The fields of study he is best known for:

• Quantum mechanics
• Oxygen
• Hydrogen

His primary areas of study are Crystallography, Crystal structure, Inorganic chemistry, Oxide and Nanotechnology. His Crystallography research is multidisciplinary, incorporating perspectives in Electron diffraction and Transmission electron microscopy. He combines subjects such as Ion, Synchrotron and Diffraction with his study of Transmission electron microscopy.

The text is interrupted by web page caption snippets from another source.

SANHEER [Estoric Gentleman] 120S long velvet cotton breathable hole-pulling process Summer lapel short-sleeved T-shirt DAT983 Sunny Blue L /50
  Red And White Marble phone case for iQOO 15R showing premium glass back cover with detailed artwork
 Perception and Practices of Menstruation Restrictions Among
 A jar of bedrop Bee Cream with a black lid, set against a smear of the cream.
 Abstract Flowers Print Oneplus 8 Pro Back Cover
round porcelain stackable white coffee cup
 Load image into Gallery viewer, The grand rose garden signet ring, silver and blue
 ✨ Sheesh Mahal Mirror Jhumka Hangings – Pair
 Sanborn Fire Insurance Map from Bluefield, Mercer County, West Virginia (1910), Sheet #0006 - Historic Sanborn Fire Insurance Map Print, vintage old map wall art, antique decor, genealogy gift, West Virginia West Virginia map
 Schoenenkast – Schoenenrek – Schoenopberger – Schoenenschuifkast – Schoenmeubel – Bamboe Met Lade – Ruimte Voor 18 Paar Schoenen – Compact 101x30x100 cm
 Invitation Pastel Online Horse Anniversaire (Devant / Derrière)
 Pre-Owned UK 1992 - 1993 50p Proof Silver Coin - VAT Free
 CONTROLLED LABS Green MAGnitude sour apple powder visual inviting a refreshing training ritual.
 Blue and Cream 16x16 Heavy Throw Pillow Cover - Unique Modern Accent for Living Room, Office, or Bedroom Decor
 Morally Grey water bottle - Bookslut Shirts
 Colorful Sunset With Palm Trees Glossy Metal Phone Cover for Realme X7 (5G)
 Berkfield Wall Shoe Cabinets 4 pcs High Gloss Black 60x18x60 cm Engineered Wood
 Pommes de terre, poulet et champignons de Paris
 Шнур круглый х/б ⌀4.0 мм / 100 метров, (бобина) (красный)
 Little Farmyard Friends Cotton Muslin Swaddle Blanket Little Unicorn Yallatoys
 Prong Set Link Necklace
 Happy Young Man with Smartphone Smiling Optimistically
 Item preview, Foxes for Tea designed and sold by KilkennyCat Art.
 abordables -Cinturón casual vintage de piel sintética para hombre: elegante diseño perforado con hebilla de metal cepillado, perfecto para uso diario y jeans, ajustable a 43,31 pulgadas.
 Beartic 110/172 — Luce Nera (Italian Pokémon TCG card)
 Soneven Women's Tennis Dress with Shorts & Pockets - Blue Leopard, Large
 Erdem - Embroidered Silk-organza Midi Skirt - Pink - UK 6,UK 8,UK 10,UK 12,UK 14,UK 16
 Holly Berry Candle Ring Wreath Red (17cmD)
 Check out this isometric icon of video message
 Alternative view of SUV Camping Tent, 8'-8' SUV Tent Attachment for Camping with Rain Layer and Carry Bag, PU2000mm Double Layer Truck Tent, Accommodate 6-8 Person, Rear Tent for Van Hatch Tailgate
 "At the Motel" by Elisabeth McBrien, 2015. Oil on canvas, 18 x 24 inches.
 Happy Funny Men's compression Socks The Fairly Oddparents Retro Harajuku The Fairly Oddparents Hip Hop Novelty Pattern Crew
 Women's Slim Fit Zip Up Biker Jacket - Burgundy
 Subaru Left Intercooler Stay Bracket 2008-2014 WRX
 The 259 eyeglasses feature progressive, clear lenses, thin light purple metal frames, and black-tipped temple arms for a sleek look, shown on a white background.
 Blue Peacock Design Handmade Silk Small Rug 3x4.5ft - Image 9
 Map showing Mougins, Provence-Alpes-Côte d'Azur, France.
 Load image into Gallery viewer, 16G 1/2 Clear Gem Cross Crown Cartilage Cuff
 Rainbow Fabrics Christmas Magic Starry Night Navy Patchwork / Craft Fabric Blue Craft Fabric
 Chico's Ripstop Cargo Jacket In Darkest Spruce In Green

The Crystal structure study combines topics in areas such as Valence, Stacking and Condensed matter physics. His Inorganic chemistry study integrates concerns from other disciplines, such as Battery, Oxygen, Electrochemistry, Electrode and Cationic polymerization. The various areas that Artem M. Abakumov examines in his Oxide study include Nanocrystalline material, Range and Analytical chemistry, X-ray photoelectron spectroscopy.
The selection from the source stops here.